===== Data block =====

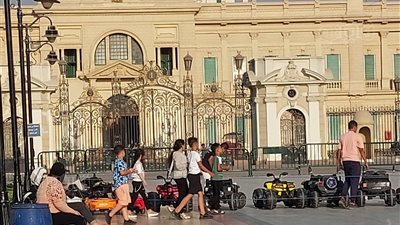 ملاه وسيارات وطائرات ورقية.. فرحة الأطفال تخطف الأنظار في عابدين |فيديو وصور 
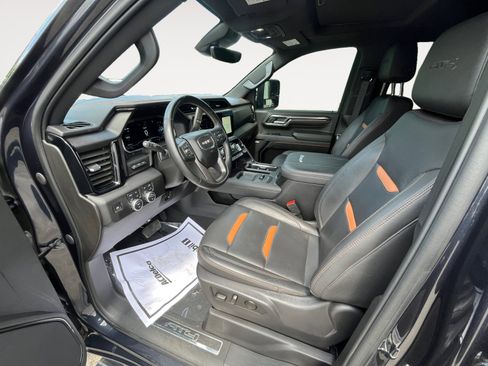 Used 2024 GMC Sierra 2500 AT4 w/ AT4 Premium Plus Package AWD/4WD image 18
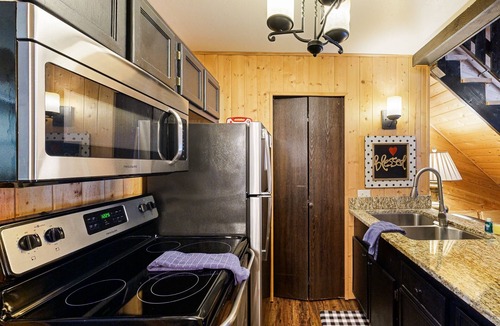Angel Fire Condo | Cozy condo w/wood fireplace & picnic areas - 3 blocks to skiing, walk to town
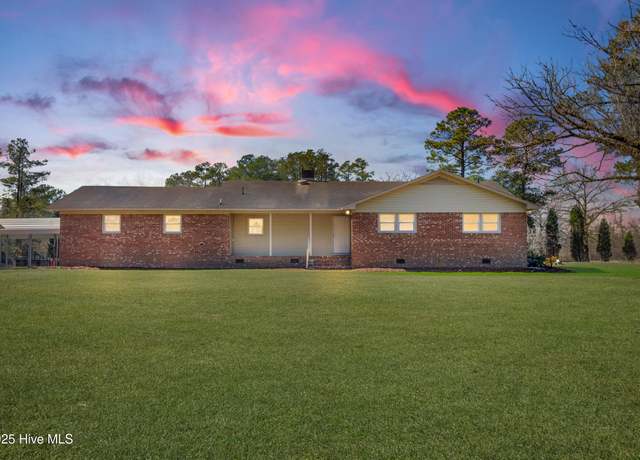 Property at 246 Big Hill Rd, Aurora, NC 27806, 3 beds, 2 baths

=====

- What is needed
Going from the line with "Used 2024 GMC" to the last line of the listing, write out each line exactly and nothing else. Leave out all pictures.

- Task output
 Used 2024 GMC Sierra 2500 AT4 w/ AT4 Premium Plus Package AWD/4WD image 18
Angel Fire Condo | Cozy condo w/wood fireplace & picnic areas - 3 blocks to skiing, walk to town
 Property at 246 Big Hill Rd, Aurora, NC 27806, 3 beds, 2 baths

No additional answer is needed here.